Task requirements: Your task is to transcribe the entries below exactly, from their first line down to the line containing "Selladora Al Vacío 20 m3/h 50 cm MAIGAS", and to stop there.

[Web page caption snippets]
========================================================================

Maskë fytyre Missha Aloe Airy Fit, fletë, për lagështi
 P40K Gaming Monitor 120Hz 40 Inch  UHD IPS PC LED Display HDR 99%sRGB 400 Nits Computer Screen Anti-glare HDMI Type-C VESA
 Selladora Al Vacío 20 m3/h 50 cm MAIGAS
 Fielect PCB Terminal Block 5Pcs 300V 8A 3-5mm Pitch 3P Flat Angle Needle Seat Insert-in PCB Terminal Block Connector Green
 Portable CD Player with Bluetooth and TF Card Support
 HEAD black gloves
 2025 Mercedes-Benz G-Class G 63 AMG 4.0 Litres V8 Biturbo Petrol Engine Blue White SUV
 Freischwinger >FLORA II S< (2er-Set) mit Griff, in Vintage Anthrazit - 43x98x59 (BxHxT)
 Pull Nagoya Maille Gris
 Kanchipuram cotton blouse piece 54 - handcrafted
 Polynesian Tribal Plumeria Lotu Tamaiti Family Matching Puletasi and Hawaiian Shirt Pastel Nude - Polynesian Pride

========================================================================

Exercise solution:
Maskë fytyre Missha Aloe Airy Fit, fletë, për lagështi
 P40K Gaming Monitor 120Hz 40 Inch  UHD IPS PC LED Display HDR 99%sRGB 400 Nits Computer Screen Anti-glare HDMI Type-C VESA
 Selladora Al Vacío 20 m3/h 50 cm MAIGAS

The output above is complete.